1954 – Tognon: «Czeizler, purtroppo, non era Pozzo…»

1954. L’Italia fu eliminata al primo turno dalla Svizzera. Capro espiatorio fu Omero Tognon. Nelle due partite, il suo avversario, Hügi II, segnò tre gol. E così Tognon non venne più chiamato in Nazionale.

Tognon era nato a Padova nel 1924. Morì a Pordenone nel 1990. In occasione dei Mondiali del 1978 rilasciò questa intervista dove rievocava l’album di Svizzera 54.

«lo — raccontava — non volevo nemmeno andare in Svizzera perché mi era bastata l’esperienza del Brasile. Allora non era come adesso. In Nazionale non giocavano i migliori.
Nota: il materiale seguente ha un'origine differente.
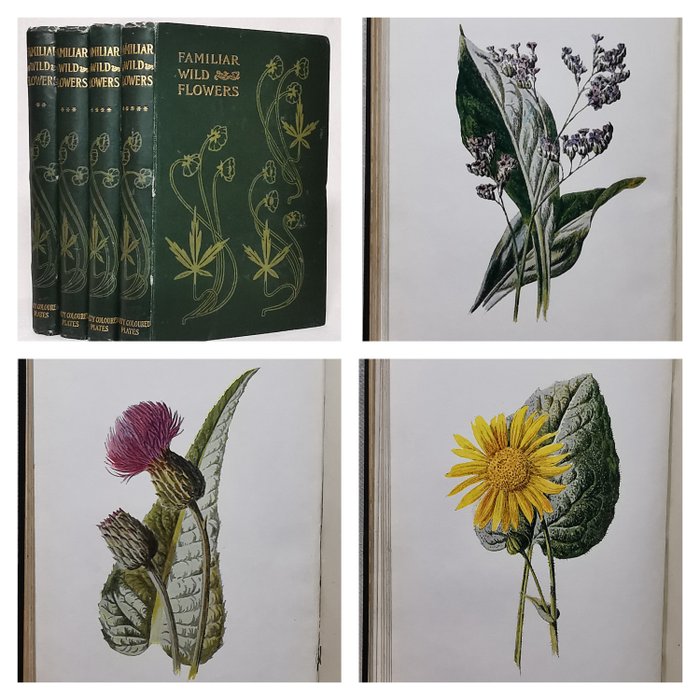 F. Edward Hulme - Familiar Wild Flowers (with 160 Colour Plates) - 1902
Dominavano le varie cricche. Prima dei mondiali del ’50 i più in forma eravamo io e Mari, eppure non eravamo presi nemmeno in considerazione. In Brasile mi limitai a fare il turista. E mi scoraggiai».
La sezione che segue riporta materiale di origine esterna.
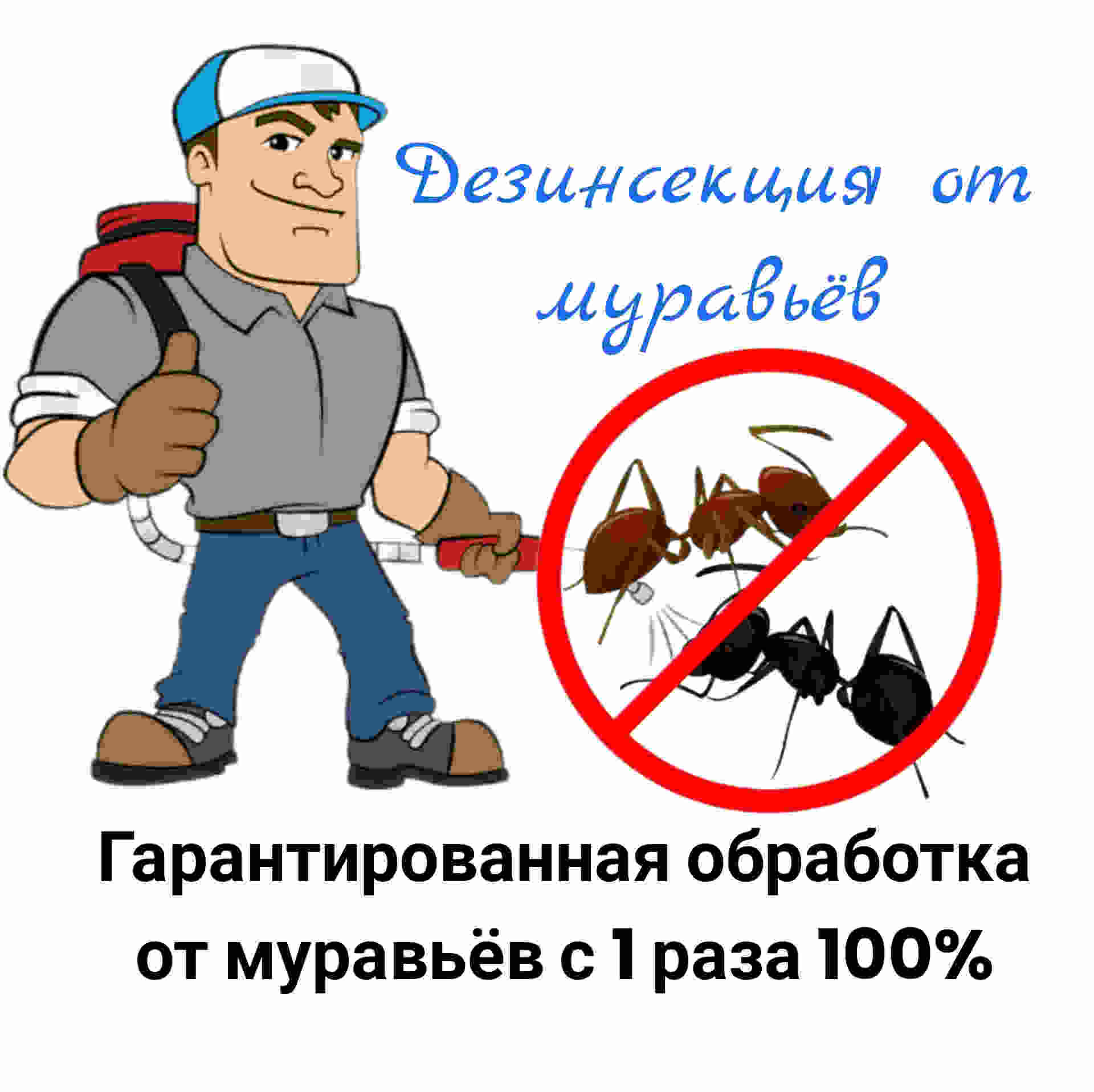 Служба от муравьев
— Si trattava pur sempre della Nazionale…
«Ma avevo trovato un clima che non mi piaceva, un clima ben diverso da quello di Pozzo, che era stato il primo a convocarmi. Ricordo che con Pozzo veniva la pelle d’oca, si pensava davvero alla Patria, quella con la P maiuscola. Invece in Brasile c’era un clima di indifferenza generale all’insegna: ma chi se ne frega? Basti dire che per andare in giù, si scelse la nave; al ritorno, per non perdere giorni di vacanza, quasi tutti vollero tornare in aereo. E anche quattro anni dopo in Svizzera ritrovai questa atmosfera da Armata Brancaleone».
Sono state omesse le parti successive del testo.